Will “mydata” be present on GPU0 and GPU1?

Best Regards,


why not write a quick experiment.

declare mydata in the preprocessor

in the main function populate mydata

declare a cutthread function and create two instances for GPU0 and GPU1

in that function pass an array for each GPU to write mydata into and get that array back and print it out.

what do you get?

main() cannot populate mydata because mydata is a “device” array. Only kernels can do that.

I am not doing that experiment because it really does not matter to me as we dont have any

such thing in our code. But yes, it is always good to know to avoid pitfalls.

Please do post your results if you experiment… Thanks!

Of course it can. use cudaMemcpyToSymbol.

Not that the contexts in the worker threads will be able to read what main wrote… as I said and tmurray confirmed: these variables are instanced per context.

I’ve been following this thread with interest, but am still a bit confused. If a variable is declared globally as below, what “context” is it in?

__device__ int myGlobalData[100];

int main(int argc, char *argv)


   ... launch two threads, each of which initializes a different device


It seems to me that you end up with two Cuda contexts in this example, neither of which is clearly a “default” context.

I suppose the question is purely academic. It seems that at most it could belong to only one device and therefore declaring variables globally doesn’t seem like a good idea when dealing with multiple devices.
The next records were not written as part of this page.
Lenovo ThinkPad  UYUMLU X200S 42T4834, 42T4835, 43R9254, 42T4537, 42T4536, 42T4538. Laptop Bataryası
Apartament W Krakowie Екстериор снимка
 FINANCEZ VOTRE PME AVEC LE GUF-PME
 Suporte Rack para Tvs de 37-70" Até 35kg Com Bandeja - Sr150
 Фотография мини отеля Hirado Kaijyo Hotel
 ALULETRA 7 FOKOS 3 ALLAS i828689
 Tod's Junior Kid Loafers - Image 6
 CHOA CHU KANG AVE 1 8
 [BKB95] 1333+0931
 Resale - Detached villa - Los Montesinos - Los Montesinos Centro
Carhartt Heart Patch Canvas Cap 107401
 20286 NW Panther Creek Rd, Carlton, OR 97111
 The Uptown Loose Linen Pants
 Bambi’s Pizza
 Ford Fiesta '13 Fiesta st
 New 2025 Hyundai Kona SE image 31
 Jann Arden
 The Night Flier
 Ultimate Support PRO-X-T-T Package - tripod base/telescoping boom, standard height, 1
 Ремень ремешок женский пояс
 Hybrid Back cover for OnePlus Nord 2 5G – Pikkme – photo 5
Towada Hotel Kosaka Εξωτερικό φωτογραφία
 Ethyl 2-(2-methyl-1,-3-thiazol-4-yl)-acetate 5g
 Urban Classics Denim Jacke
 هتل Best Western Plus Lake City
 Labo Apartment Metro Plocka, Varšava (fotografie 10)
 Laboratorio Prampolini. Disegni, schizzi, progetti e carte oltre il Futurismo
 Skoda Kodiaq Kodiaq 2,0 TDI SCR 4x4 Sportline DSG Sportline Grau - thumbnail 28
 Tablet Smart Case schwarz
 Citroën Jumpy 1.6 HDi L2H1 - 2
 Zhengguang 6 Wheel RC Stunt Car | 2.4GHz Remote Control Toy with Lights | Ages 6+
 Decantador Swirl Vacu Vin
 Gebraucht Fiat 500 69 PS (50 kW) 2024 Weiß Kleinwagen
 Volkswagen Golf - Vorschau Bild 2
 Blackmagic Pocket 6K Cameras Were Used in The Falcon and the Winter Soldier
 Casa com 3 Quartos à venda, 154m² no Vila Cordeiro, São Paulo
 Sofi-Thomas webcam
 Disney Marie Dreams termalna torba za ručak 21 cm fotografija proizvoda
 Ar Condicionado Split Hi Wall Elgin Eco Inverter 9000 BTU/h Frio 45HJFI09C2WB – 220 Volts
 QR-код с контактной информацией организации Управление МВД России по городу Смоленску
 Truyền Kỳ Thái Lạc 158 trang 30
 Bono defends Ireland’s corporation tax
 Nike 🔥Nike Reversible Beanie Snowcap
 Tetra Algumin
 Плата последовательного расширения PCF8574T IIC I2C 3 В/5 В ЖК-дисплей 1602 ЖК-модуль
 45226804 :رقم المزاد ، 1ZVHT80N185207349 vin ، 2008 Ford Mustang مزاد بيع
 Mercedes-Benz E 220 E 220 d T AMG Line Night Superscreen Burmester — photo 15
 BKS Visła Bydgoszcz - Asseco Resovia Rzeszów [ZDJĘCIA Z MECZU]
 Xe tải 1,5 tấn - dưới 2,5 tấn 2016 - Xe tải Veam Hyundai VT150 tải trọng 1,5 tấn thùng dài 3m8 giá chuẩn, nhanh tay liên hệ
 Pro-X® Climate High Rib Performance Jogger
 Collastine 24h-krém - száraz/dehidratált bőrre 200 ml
There is no such thing as a “default” context. Any thread (including the main thread) which makes a call to the runtime API implicitly creates a CUDA context for itself. If you spawn two threads then each one will see its own copy of myGlobalData.

Moreover, if the main thread also calls a CUDA function, it gets yet another CUDA context, and will see a distinct copy of myGlobalData, separate from the worker threads.

In this way, OS threads are treated like separate processes by the device. (Following this model, I assume this means that you can’t exchange device pointers between contexts, even on the same device? Is this true?)

Thank you, this is what I was looking for. I suppose in retrospect that seems to be the only reasonable answer.


This was a very very useful thread! Thanks to every1 for participating and sharing the knowledge!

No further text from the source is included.